Shopifyでオンラインストアを運営していた方の中には、「以前はAmazon Payを導入していたのに、使えなくなって困っている」「代替の決済手段をどう選べばいいのか分からない」とお悩みの方も多いのではないでしょうか?
2025年1月6日をもって、ShopifyはAmazon Payとの連携を正式に終了しました。
本記事では、その背景にある理由や影響、代替となるおすすめの決済手段、非クレジットカード決済の導入メリット・注意点まで、Shopifyユーザーが知っておくべき情報を分かりやすく解説します。
目次
Amazon Payについて
ShopifyとAmazon Payは利用できない
ShopifyでAmazon Payが使えなくなった理由
Amazon Payの代替決済手段
クレジットカード以外の決済方法を導入するメリット
クレジットカード以外の決済方法を導入するときの注意点
Amazon Payに関するQ&A
Amazon Payについて
Amazon Pay(アマゾン・ペイ)とは、世界的ECプラットフォームであるAmazonが提供するオンライン決済サービスです。

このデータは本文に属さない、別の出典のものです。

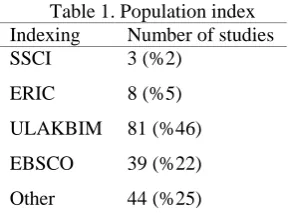 Table 1. Population index Number of studies  3 (%2) 
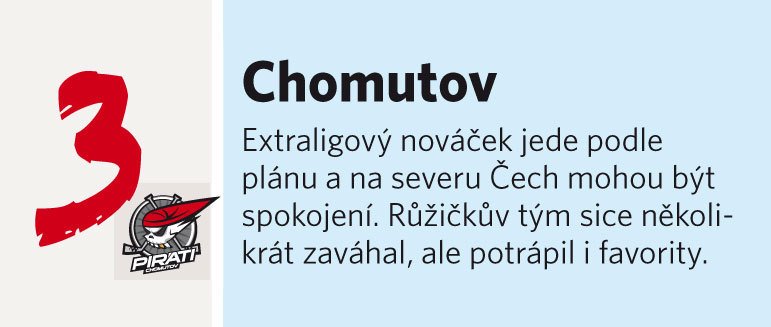 Piráti Chomutov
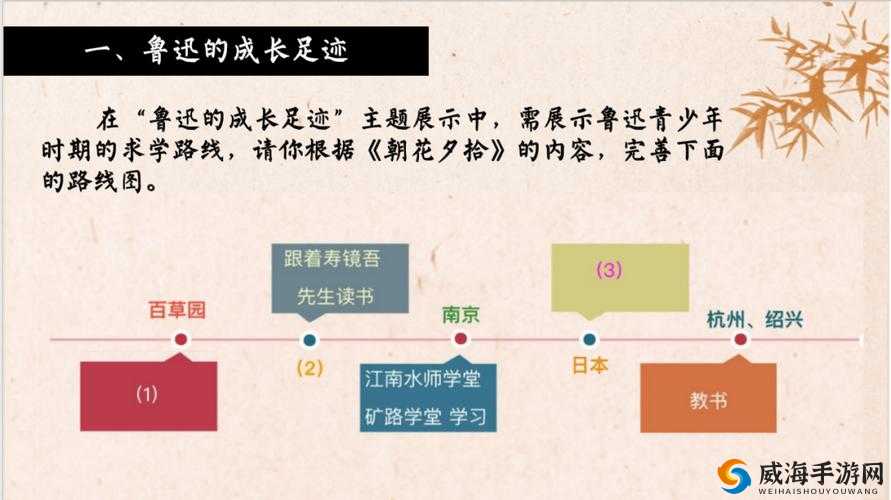 成长的秘密观看：探寻成长背后的奥秘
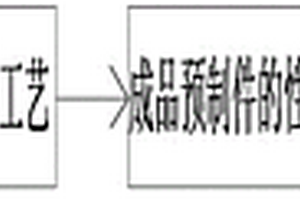 新型模鑄用免烘烤預(yù)制件的制備方法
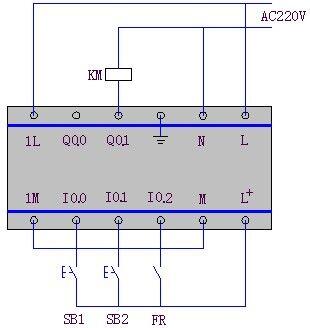 汇川485通讯模块_汇川plc485通讯与温控表示例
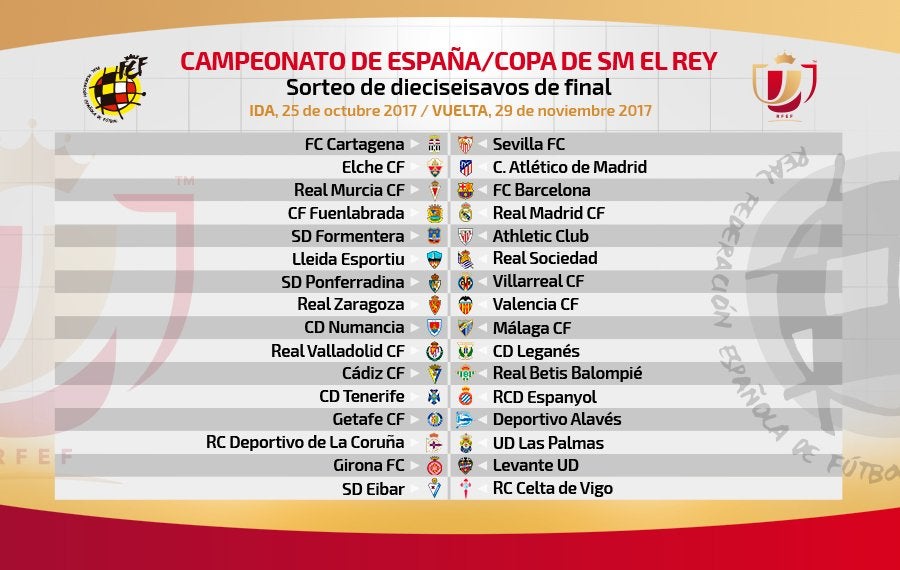 Onda deportiva Málaga 28/09/2017 Onda deportiva Málaga 28/09/2017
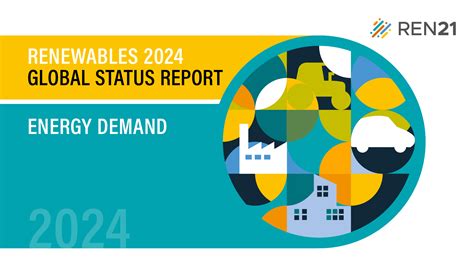 Renewables 2024 Global Status Report - Energy Demand module - REN21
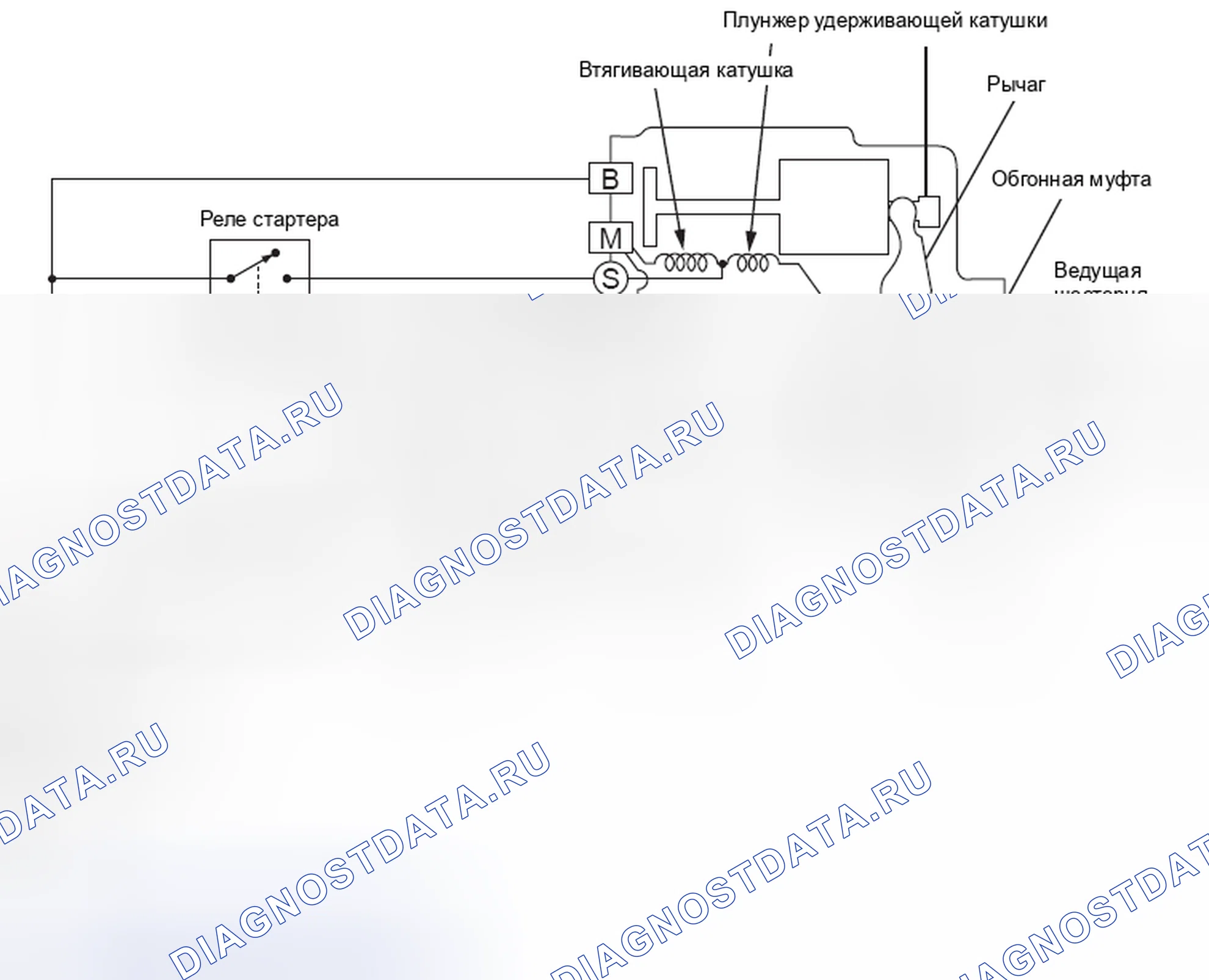 Рис. 1: ОБЩИЕ СВЕДЕНИЯ. Mazda MX-5 NB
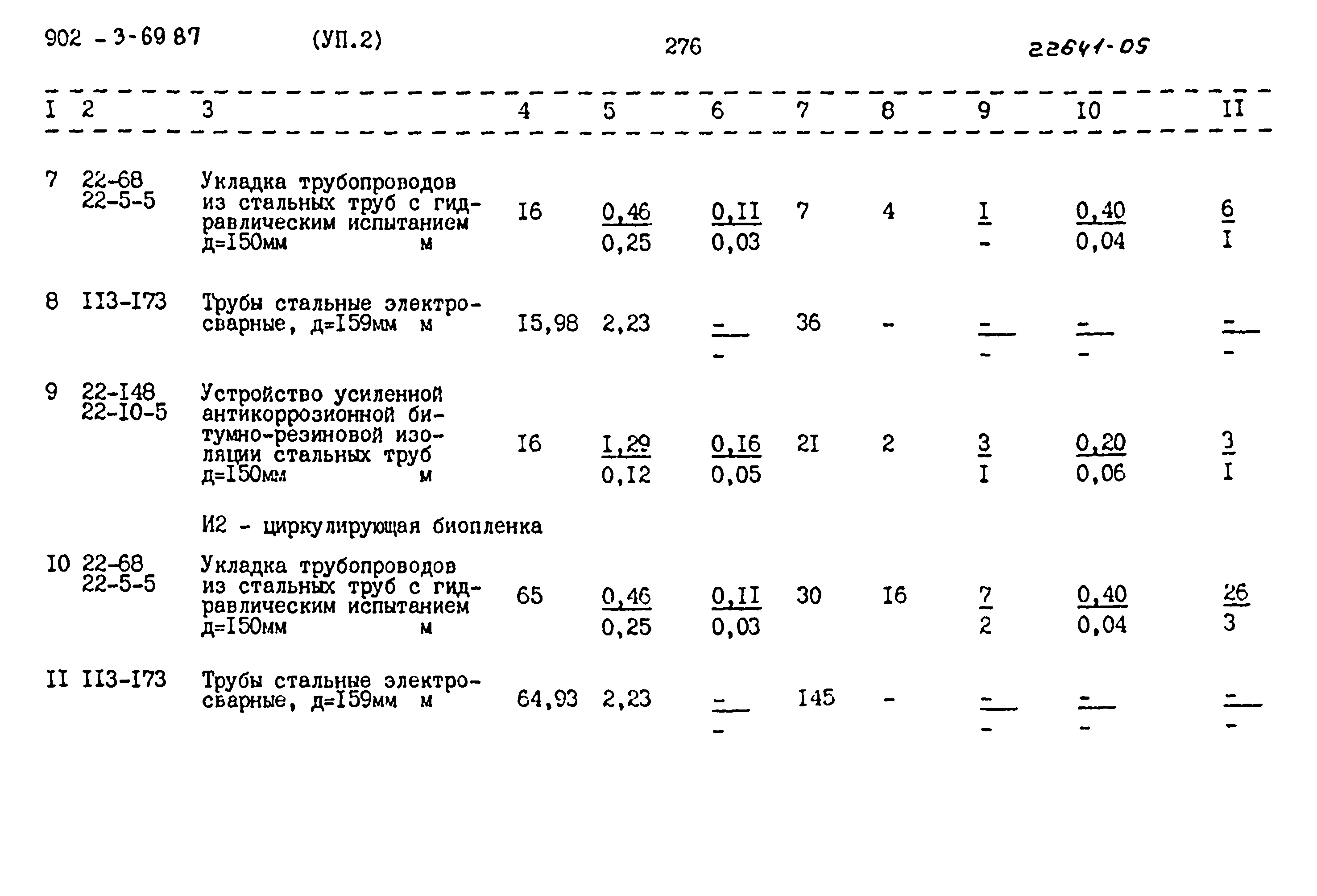 Типовой проект 902-3-69.87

利用者は、普段使用しているAmazonアカウント情報(氏名、住所、クレジットカードなど)をそのまま使って、外部のネットショップでもスムーズに支払いができます。
ShopifyとAmazon Payは利用できない
現在、ShopifyではAmazon Payを利用できません。
2025年1月6日をもってShopifyがAmazon Payとの連携を終了したためです。
これにより、Shopifyストア上のAmazon Payによる決済オプションは自動的に削除され、以後は利用できなくなりました。
ShopifyでAmazon Payが使えなくなった理由
ShopifyがAmazon Payとの連携を終了した主な理由は、次の三つに集約されます。
- 技術的な互換性・連携の見直し
- Shopify Paymentsへの集中戦略
- 市場戦略上の競合関係
それぞれを分かりやすく解説します。
技術的な互換性・連携の見直し
ShopifyがAmazon Payとの連携を終了した背景には、技術的な維持負担の大きさがあります。
Amazon PayはAmazon独自のAPI仕様に基づいており、定期的に仕様変更やアップデートが行われます。これに対応するには、Shopify側でAPIの改修や連携テスト、セキュリティ強化といった継続的な開発リソースの投入が必要でした。
さらに、Amazon側の仕様変更によって予期せぬ不具合が発生するリスクもあり、運用面での安定性が損なわれる可能性も懸念されていました。
こうした理由から、Shopifyは外部決済サービスへの依存を見直し、自社エコシステム内で完結するShopify Paymentsへの移行を進める判断に至ったと考えられます。
Shopify Paymentsへの集中戦略
Shopifyは近年、自社決済サービスであるShopify Paymentsの普及と最適化に注力しています。
このサービスはApple PayやGoogle Payといったモバイル決済にも対応しており、顧客にとって一貫性のあるスムーズな決済体験を提供できる点が強みです。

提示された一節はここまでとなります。